Address: 563 Spence Street
James G. Latimer, a contractor and future city alderman and controller.
Latimer and his wife had already lived in Winnipeg for nearly 20 years and by the late 1890s just two of their eight sons, Bertram and Andrew, still lived at home.
January 6, 1900, Winnipeg Tribune
Mr. Latimer was elected to city council in 1900 and took on James Ashdown for the mayor’s chair in 1907.
It was expected that Ashdown would run unopposed as nobody wanted to take on one of the West’s most powerful businessmen. With just a couple of weeks to go before election day, Latimer threw his hat in the ring. (One Tribune story hints that he got talked into it by a group without his best interests at heart.)
Latimer seems to have received the "anybody but Ashdown" vote, including the tepid support of workers. The labour newspaper, The Voice, wrote: "Labour men may or may not vote for Latimer; they most assuredly will not vote for Ashdown."
In the end, Ashdown won by a vote of 5,091 to 2,352.
Latimer continued to serve on the Board of Control until 1909. (The Board of Control was an elected body, similar to City Council, except they dealt with financial matters.)
September 17, 1907, Winnipeg Free PressIn 1907, Latimer and his wife moved to Edmonton Street and 563 Spence was sold to Horace Filmore. He had many jobs while living here, including the secretary of the Winnipeg Casket Co., manager of the Great Western Film Co. and, by 1912, was a real estate agent.
In 1912, the home became a rental property, initially as a seven room house then divided into a four suites as a rooming house.
October 12, 1916, Winnipeg Tribune
In September 1927, 563 Spence Street became known as Willard Hall, headquarters of the Woman’s Christian Temperance Union (WCTU). It replaced an earlier Willard Hall that opened around 1910 in a home at 473 Balmoral Street.
Just as the WCTU had branches around North America, there were Willard Halls in dozens of cities - Canada's largest appears to have been in Toronto. They were named for Frances Willard, a pioneering New York suffragist.
The WCTU and other women's groups used the downstairs as a meeting and lecture space. The upstairs contained four bedrooms that were rented out to young women, often from outside the city who came here to find work.
June 28, 1930, Winnipeg Tribune
In 1930, the WCTU rented the property to the Big Sisters Association of Greater Winnipeg, though they and other groups continued to use the home as a headquarters and meeting space for the next two decades.

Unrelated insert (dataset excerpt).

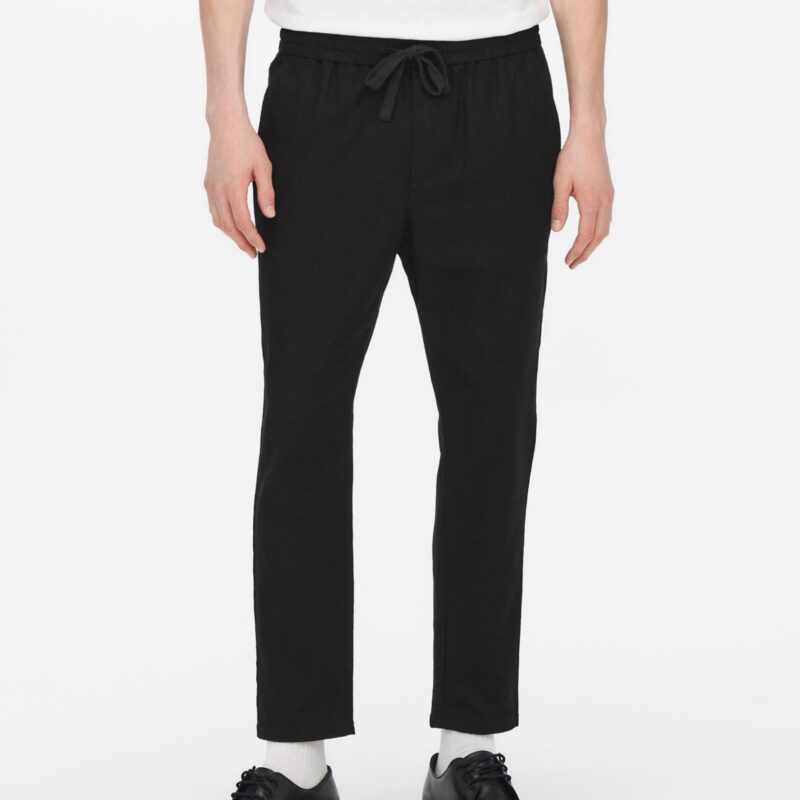 Black ONLY & SONS Linus trousers - Men's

The Big Sisters Association of Greater Winnipeg, established on November 12, 1926, was the fifth Canadian branch of the North American organization founded in New York City in 1912. They worked with girls who came before the Juvenile Court, often the first time offenders, to provide mentorship, life skills and employment training in the hopes that they would not reoffend.
Initially, the organization had an office at the Juvenile Court, which at the time was located on Portage Avenue at Sherbrook Street. The move to the house meant that they could provide room and board to girls from outside the city.
Over the years, other agencies, including the Children's Home and the Juvenile Court itself, expanded their programming, making some of the volunteer-based organization's work redundant. The Big Sisters Association of Greater Winnipeg announced in January 1949 that it was winding down operations.
The organization reappeared in Winnipeg in 1970 and since 2001 is known as Big Brothers Big Sisters of Winnipeg. Their new headquarters at 532 Ellice Avenue at Langside is, coincidentally, is just a couple of blocks away from the former Willard Hall.
Official Opening, March 30, 1949 Winnipeg Tribune
In March 1949, the home was turned over to a new women's organization: the Wheelchair Club of Winnipeg. They worked with girls affected by polio by providing employment and life skills. After extensive renovations, a handful of them called the upstairs home.
The last meetings took place at Willard Hall in the spring of 1954. It was then sold to David and Mathilda "Tillie" Jones. He was an Eaton's Employee and she a saleswoman at Maclean Hunter. Tillie was also a member of the Wheelchair Club, though her 1976 obituary does not indicate if she was a board member or a client.
The Jones' continued to own the house for at least the next 12 years, renting out three suites upstairs.
The suites appear to have appealed to single senior citizens. Two funeral notices found for the address were for Gustav Skalin, 82, a retired interior decorator, in October 1967 and Gladys Bissett, 60, of Winnipeg, in July 1975 widow.
The final "Rooms for Rent" ad that can be found in the Winnipeg Free Press was in 1994.